The importance of trends in performance monitoring


In my experience performance monitoring is always tricky. Unless you get to some knee points (CPU usage over 80%, disk utilization over 70% to mention a few) performance is always subjective, even if 5 seconds is acceptable for a user it can be unacceptable for another.

Nevertheless performance monitoring can be the key to avoid potential issues before they impact the business. We developed trends report based on the tons of performance data OpsMgr collects. We use them to have pre alert notifications or, if you want, real proactive monitoring. There’s gold in the OpsMgr data warehouse. I want to share with you the latest example on how trend monitoring can help in correcting issues before they impact your business.
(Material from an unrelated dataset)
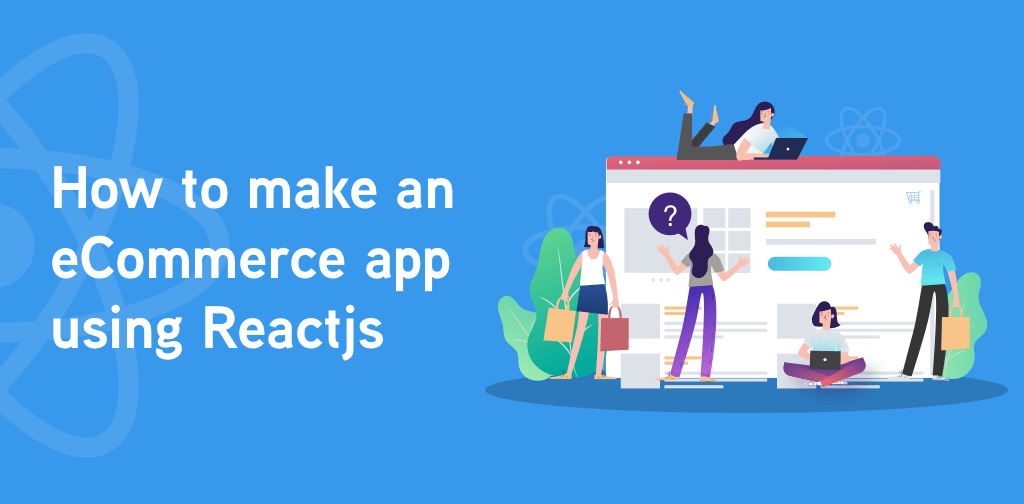 How to build an app using ReactJS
One of the key indicators that we track is obviously CPU usage, we check for significative differences between the last week average, last 2 weeks and last month ones. Not only, we check for "abnormal" CPU usage, where with abnormal we define something that is not yet an alert (for us CPU over 80% for a sustained time period) but that’s not common (our reference today is over 50% usage on a daily average). Consider a run away process with a single thread on a 4 cores system, it will get 25% of CPU time, you won’t be alerted but you have an issue.

In last week report I got a bad CPU figure from a recently installed file system, we say a huge increase in CPU usage compared to previous week and month (from 7% to 40% on average). We didn’t receive any complaints from the customer for the previous week, so he’s not even aware of this behavior. Using OpsMgr console task to list the top CPU processes we found that the DFSr service was using 30% to 40% of CPU.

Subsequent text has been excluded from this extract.